AIM OF THE EXERCISE
Your task is to give the listing below back word for word, pictures excluded.

DATASET EXTRACT

********************

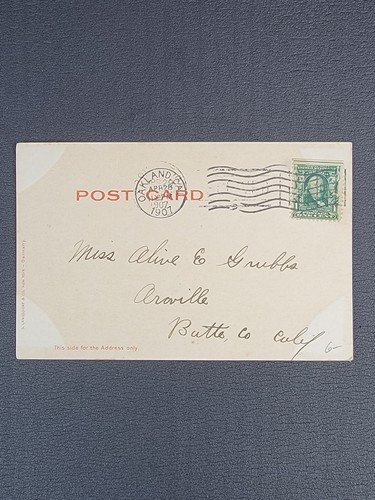 BENJAMIN FRANKLIN SCOTT #300 Stamp on *RARE* Postcard 1907 Double Post Marked - Picture 2 of 6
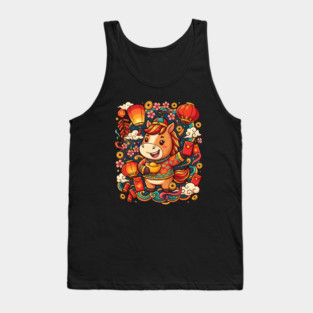 Chinese New Year 2026 Year of The Horse Tank Top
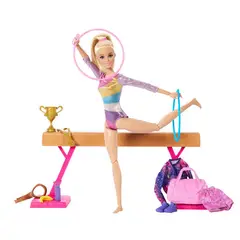 BARBIE - Muñeca Profesiones Gimnasta Cabello Rubio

********************

ANSWER TO THIS TASK
 BENJAMIN FRANKLIN SCOTT #300 Stamp on *RARE* Postcard 1907 Double Post Marked - Picture 2 of 6
 Chinese New Year 2026 Year of The Horse Tank Top
 BARBIE - Muñeca Profesiones Gimnasta Cabello Rubio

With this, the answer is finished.